At the time of the pause, the former Air Force captain recognized that SPACs could be a lucrative investment during volatile markets caused by the pandemic. Blank-check mergers offer more flexibility than normal IPOs by letting private companies make projections about their businesses and negotiate valuations behind closed doors. In a normal IPO, pricing can change until the night before a company makes its debut.

Mr. Foley sees himself as an effective executive and investor. When he was CEO of CKE Restaurants—parent company of Carl’s Jr. and Hardee’s—he described himself as a dictator, underscoring his relentlessness, which his backers prize.

“That’s the secret sauce,” said

Chinh Chu,

a SPAC creator and former co-head of private equity at

Blackstone Group Inc.

who worked with Mr. Foley on his first SPAC. “He’s a rare combination of the two.”

Businesses connected to Mr. Foley, including Fidelity National and the investment firm Cannae Holdings, often invest in his SPAC deals. That lets him acquire bigger companies but creates risks of conflicts of interest that can arise in SPAC mergers.

Few SPAC creators have raised as much money as Bill Foley, who says, ‘I’m a big fan of boring companies.’

Typically, SPAC creators are allowed to purchase 20% of the company at a deep discount. Messrs. Foley and Chu initially paid about $16 million for shares and other investments tied to the 2016 SPAC, according to New York University School of Law professor Michael Ohlrogge. The company then teamed up with Mr. Chu’s former company, Blackstone, to take the insurer Fidelity & Guaranty Life public in a $1.84 billion deal in 2017.

As part of the deal, Blackstone gave Messrs. Foley and Chu millions of dollars in fees.

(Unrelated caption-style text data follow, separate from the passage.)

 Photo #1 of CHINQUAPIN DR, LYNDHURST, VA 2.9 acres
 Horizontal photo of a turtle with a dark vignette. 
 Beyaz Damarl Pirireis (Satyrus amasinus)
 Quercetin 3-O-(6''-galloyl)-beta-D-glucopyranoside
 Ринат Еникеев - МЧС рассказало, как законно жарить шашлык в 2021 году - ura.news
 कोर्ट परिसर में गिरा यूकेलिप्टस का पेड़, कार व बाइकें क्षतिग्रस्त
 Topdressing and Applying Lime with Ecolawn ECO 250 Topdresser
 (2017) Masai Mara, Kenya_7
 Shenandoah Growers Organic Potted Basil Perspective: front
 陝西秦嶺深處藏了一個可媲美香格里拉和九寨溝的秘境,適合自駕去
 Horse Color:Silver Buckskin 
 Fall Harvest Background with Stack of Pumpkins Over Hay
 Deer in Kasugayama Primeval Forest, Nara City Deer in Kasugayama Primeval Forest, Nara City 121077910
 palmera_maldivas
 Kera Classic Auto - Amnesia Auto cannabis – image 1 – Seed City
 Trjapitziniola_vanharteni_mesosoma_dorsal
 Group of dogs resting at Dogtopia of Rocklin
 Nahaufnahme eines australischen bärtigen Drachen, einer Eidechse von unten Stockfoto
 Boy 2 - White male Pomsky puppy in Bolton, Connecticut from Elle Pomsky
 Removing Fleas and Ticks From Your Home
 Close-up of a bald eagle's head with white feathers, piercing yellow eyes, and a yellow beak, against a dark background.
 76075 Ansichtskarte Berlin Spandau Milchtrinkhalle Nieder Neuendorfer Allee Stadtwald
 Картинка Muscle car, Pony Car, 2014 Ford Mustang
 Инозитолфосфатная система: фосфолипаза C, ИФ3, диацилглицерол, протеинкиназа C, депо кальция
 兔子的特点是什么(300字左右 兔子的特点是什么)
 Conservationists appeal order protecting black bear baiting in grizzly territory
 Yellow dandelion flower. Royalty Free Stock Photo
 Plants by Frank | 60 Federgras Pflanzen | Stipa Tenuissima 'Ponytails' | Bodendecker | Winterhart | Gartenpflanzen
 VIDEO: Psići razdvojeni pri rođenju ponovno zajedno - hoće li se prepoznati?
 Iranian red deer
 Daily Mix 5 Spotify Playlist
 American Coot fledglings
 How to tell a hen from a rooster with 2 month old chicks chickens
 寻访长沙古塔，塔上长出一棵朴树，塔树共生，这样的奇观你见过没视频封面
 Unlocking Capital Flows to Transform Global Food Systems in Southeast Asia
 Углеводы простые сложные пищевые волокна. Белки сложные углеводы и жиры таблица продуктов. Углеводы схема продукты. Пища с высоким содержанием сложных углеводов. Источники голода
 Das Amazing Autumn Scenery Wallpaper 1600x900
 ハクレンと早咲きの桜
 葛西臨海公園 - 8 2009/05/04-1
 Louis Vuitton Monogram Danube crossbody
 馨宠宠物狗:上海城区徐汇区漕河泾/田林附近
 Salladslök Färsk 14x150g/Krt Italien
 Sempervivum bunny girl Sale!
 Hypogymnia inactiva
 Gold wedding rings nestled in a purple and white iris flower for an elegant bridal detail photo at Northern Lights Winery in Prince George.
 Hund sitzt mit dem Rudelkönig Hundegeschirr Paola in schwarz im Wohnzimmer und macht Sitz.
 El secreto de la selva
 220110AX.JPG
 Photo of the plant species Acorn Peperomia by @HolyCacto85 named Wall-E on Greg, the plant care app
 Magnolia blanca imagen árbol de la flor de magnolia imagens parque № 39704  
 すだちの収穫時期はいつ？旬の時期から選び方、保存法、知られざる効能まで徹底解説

In 2020, Mr. Foley’s Fidelity National Financial paid a premium to acquire Fidelity & Guaranty Life. At the time of that acquisition, the initial SPAC positions held by Messrs. Foley and Chu would have been worth about $315 million, generating Mr. Foley alone a paper profit of roughly $150 million, Mr. Ohlrogge estimates.

A Miami pension fund is suing Mr. Foley and other Fidelity National executives following the FGL deal, alleging that they neglected ordinary shareholders. Mr. Foley said the lawsuit has no merit. He, Mr. Chu and a Blackstone spokesman said that the deal was approved by regulators, that any conflicts were publicly disclosed and that they are proud of FGL’s financial and stock performance.

Private companies are flooding to special-purpose acquisition companies, or SPACs, to bypass the traditional IPO process and gain a public listing. WSJ explains why some critics say investing in these so-called blank-check companies isn’t worth the risk. Illustration: Zoë Soriano/WSJ

Mr. Ohlrogge estimates that Mr. Foley made a paper profit of about $400 million in the Paysafe deal. Mr. Foley said he doesn’t know the exact paper gains from his SPAC deals but said they are consistent with other blank-check merger payouts and depend on investors’ liking his deals.

Mr. Foley has stayed away from speculative investments since his experience trading stocks in college. He turned about $4,000 into $40,000—then lost it all.

“If you’re going to be an intelligent investor, you’d better be an intelligent investor all the time—not just once in a while,” he said.